Carmichael: With pleasure, Jim. Fifth Third has always been a strong contributor to all the communities in which we serve. I am a firm believer that you can’t build a strong bank without having strong communities. We’re very, very focused on serving our communities, and are making that commitment more visible with respect to how much we are doing to help them be successful.
In November 2016, we announced a $30 billion, five-year community development plan over 10 states where we have a retail banking presence. This is the largest community development plan made by a single regional bank in recent history. We partnered with the National Community Reinvestment Coalition (NCRC), to make sure that we’re doing the right things to create the greatest value in each community we serve. The NCRC is working with over 145 member organizations, and has been a tremendous partner to Fifth Third Bank.

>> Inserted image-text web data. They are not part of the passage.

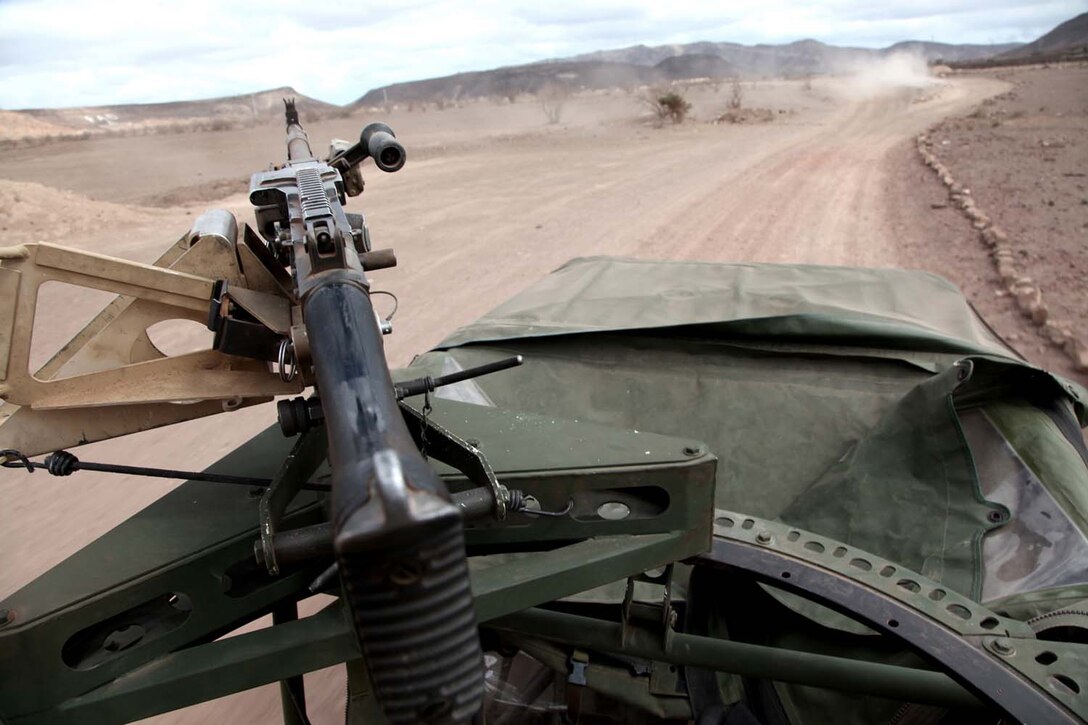 A light strike vehicle carrying Marines with Weapons Platoon, Kilo Company, Battalion Landing Team 3/5, 15th Marine Expeditionary Unit, convoys during unit sustainment training, Feb. 11. The platoon practiced working with the unitâ€™s light strike vehicles, or LSVs, to increase unit cohesion, practice the fundamentals of their trades, and take advantage of a unique opportunity to train in a foreign country. The 15th MEU is deployed as part of the Peleliu Amphibious Ready Group as a U.S. Central Command theater reserve force, providing support for maritime security operations and theater security cooperation efforts in the U.S. 5th Fleet area of responsibility. (U.S. Marine Corps photo by Cpl. John Robbart III/Released)
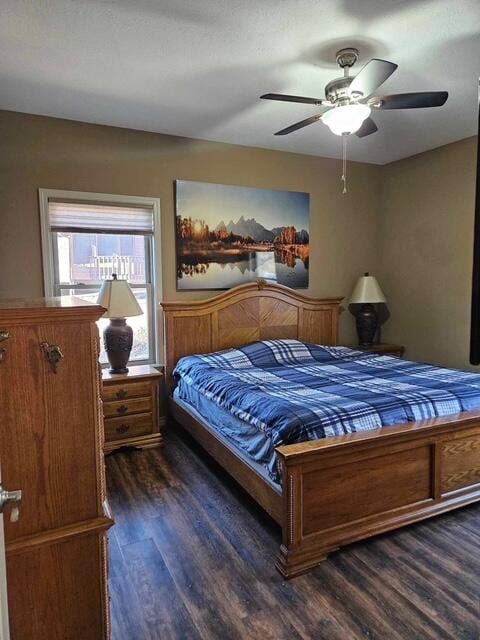 bedroom featuring a ceiling fan and dark wood-type flooring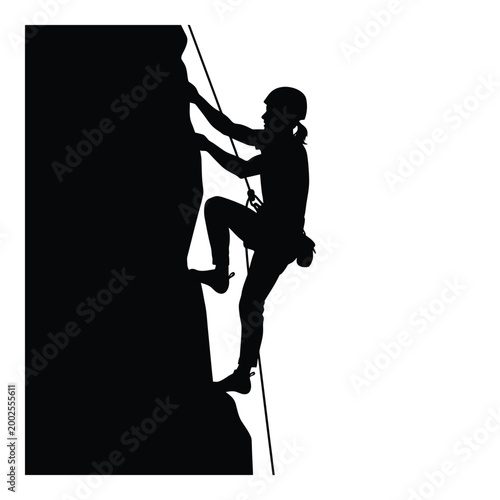 Silhouette of woman rock climbing wall.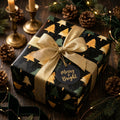 Elegant Christmas gift wrapped in Wrapped Studios tree print paper with gold ribbon and Merry & Bright tag.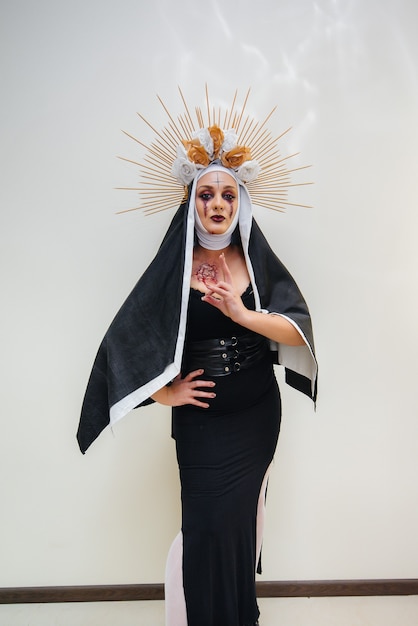 A young girl in a beautiful festive makeup and a scary nun costume for the Halloween holiday. Happy Halloween concept.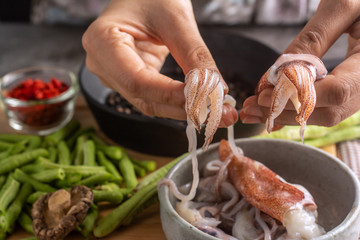 Housewives Hands and squid Cooking ConCept.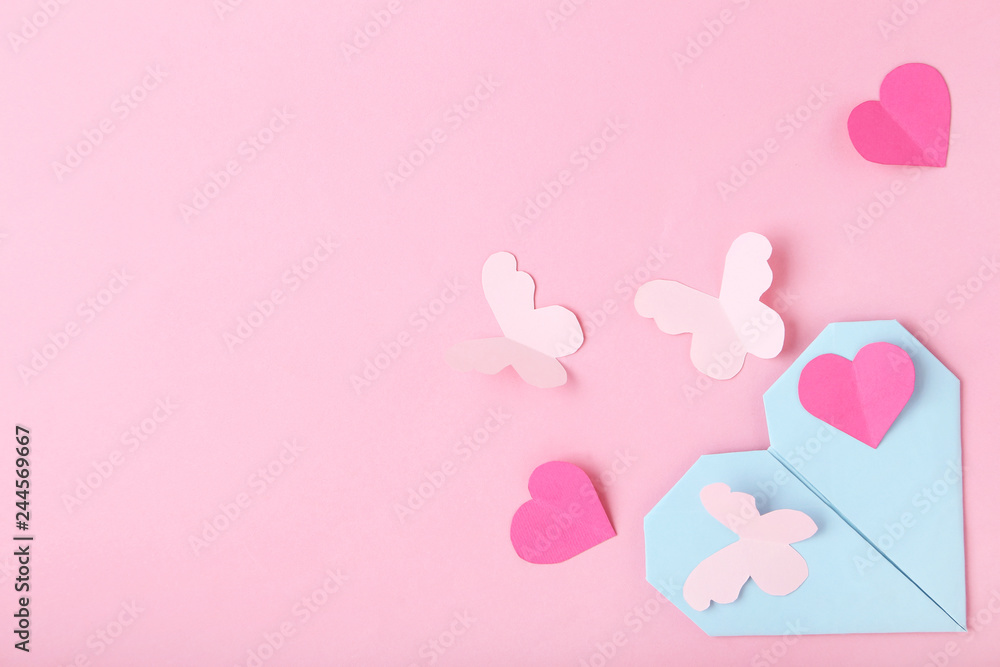 Paper hearts with butterfly on pink background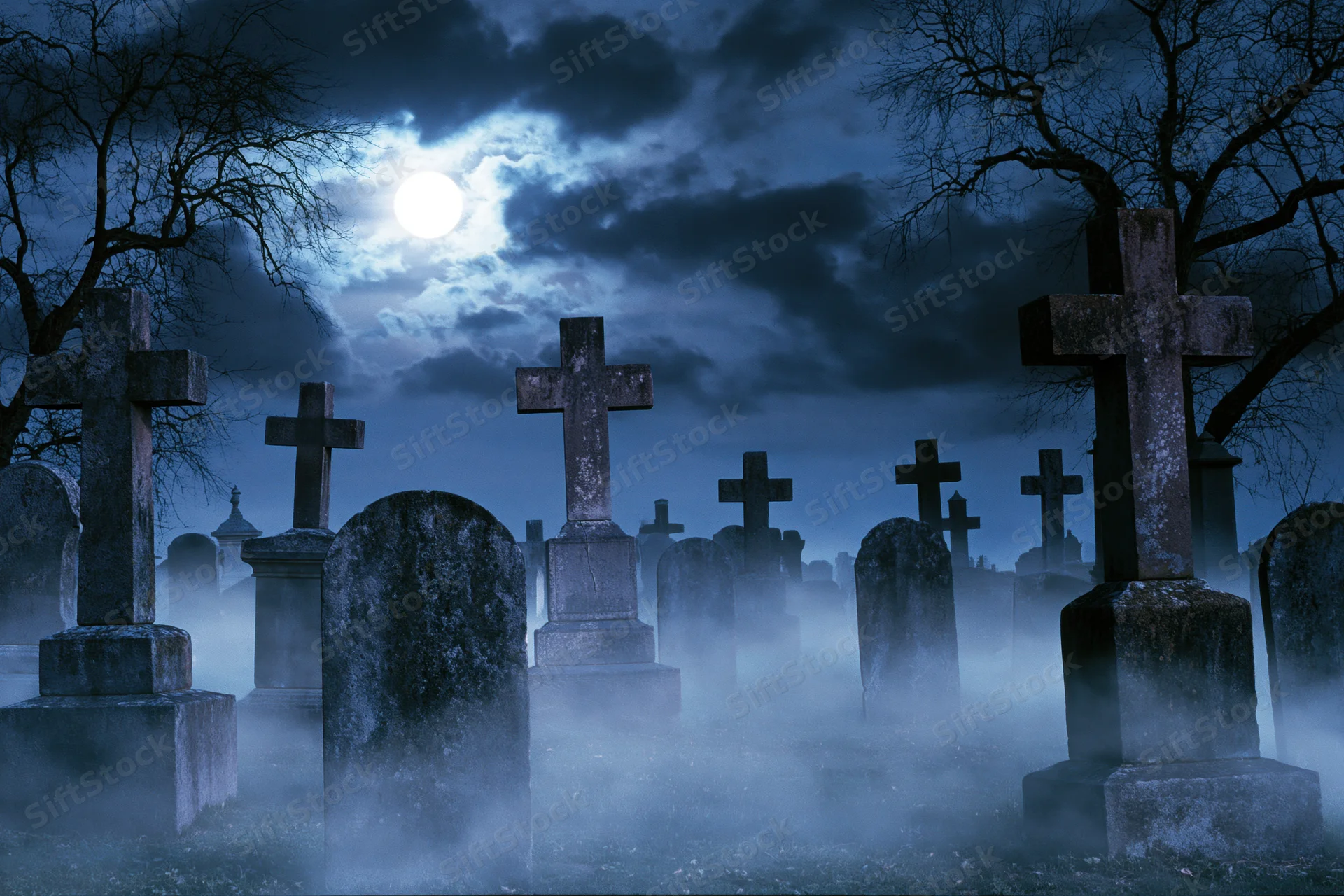 Old cemetery at night with weathered stone crosses and tombstones in fog under a full moon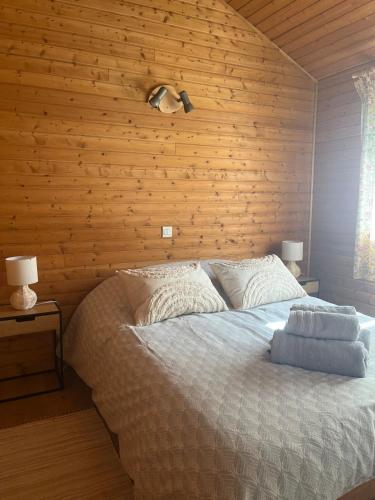a bedroom with a bed with a wooden wall at CHALET Cosy in Uxelles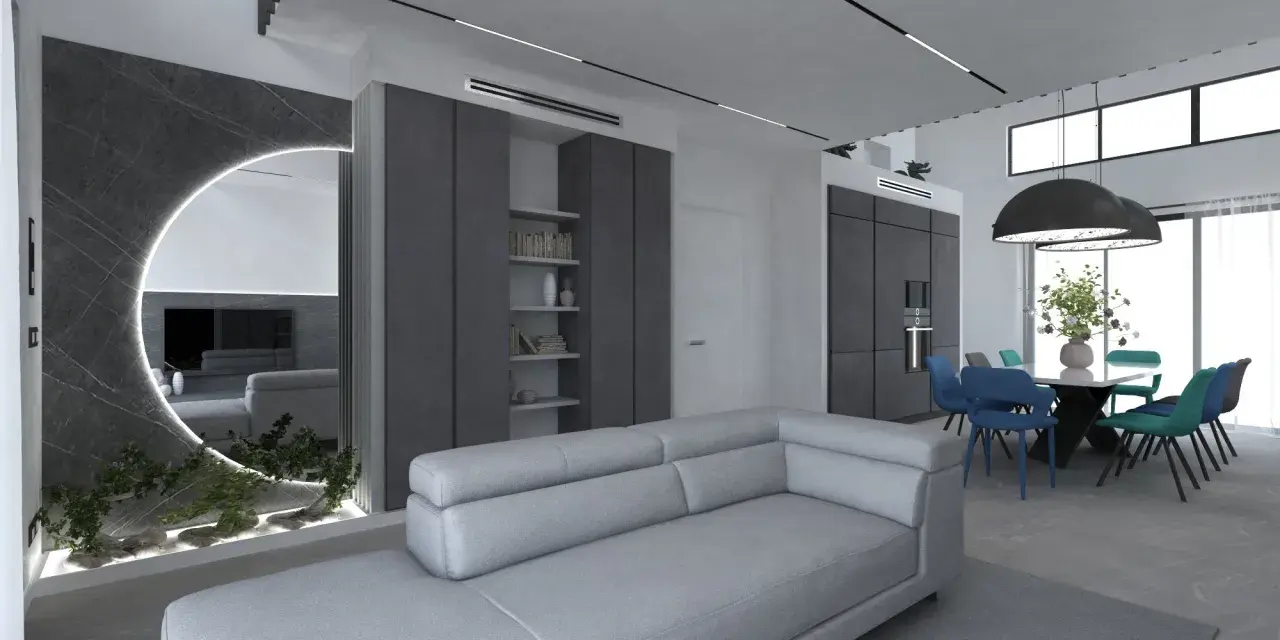 Un soggiorno moderno con divano grigio chiaro, pareti in vari tipi di grigio, specchio circolare illuminato e zona pranzo con sedie colorate.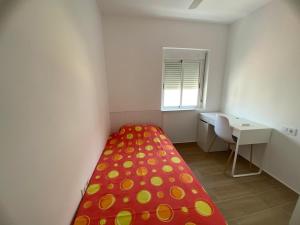 a small white room with a bed and a desk at Beachside Getaway in Zapillo in Almería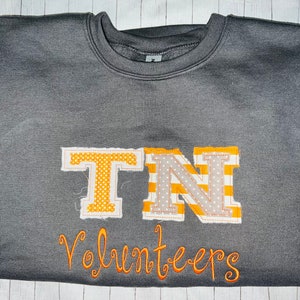 May include: A grey sweatshirt with the letters "TN" in orange and white fabric, with the word "Volunteers" embroidered in orange below.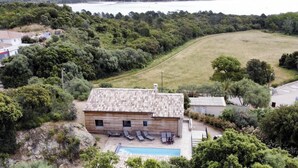 Et hus med swimmingpool, omgivet af træer og havudsigt.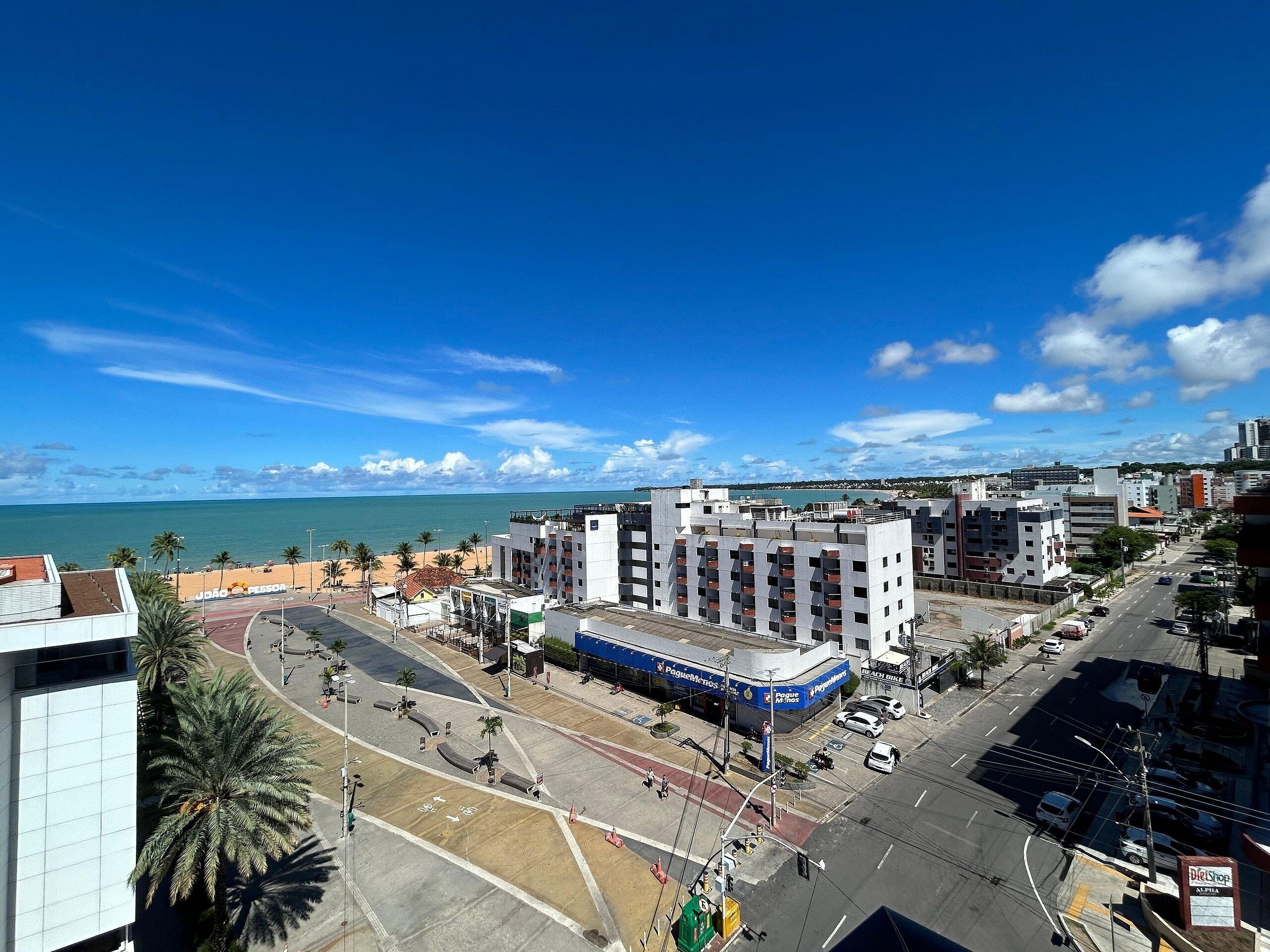 A coastal cityscape with a prominent building featuring a blue sign, a road with a bike lane, and a clear view of the sea.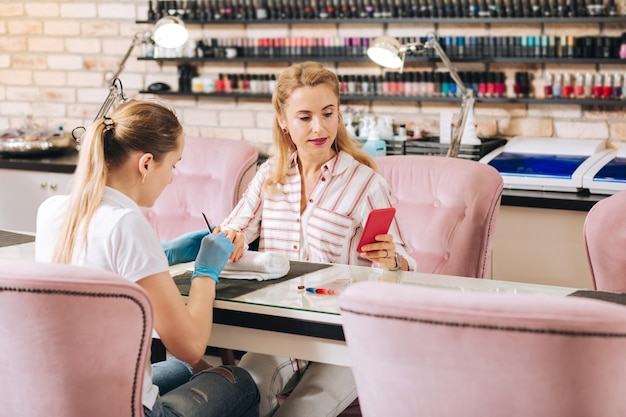 Elegant mature woman using phone and manicurist filing nails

Our $30 billion community commitment focuses on supporting low- to moderate-income borrowers. $11 billion of our five-year commitment is dedicated to mortgage lending; $10 billion is for small business lending; and $9 billion is for community development lending and investments.
We also are committing almost $155 million over five years in philanthropic investments, housing-related investments, small business-related investments, branch and staffing commitments in low- to moderate-income areas, inclusion and diversity and financial literacy.
The NCRC’s President and CEO John Taylor has been a great partner to Fifth Third. In our joint press conference, he declared that “Banks are our neighborhoods’ best hope” and I could not agree more. Our commitment has been well received, and I think it’s really helping the communities see that banks are, indeed, their best hope. We have to stand behind those words by the actions that we’re taking and the investments that we’re making. We’re now in year two of this commitment. In year one, we delivered $7.8 billion. This includes $3.2 billion in mortgage lending, $1.6 billion in small business lending, $2.6 billion in community development lending, and $19 million in philanthropic donations. This represents 26% of the total commitment. I believe that we’ll exceed our overall commitment over the next years, and I could not be more proud of the contribution we are making to our communities. It feels just right and it feels good.
Aramanda: Greg, thank you for your time.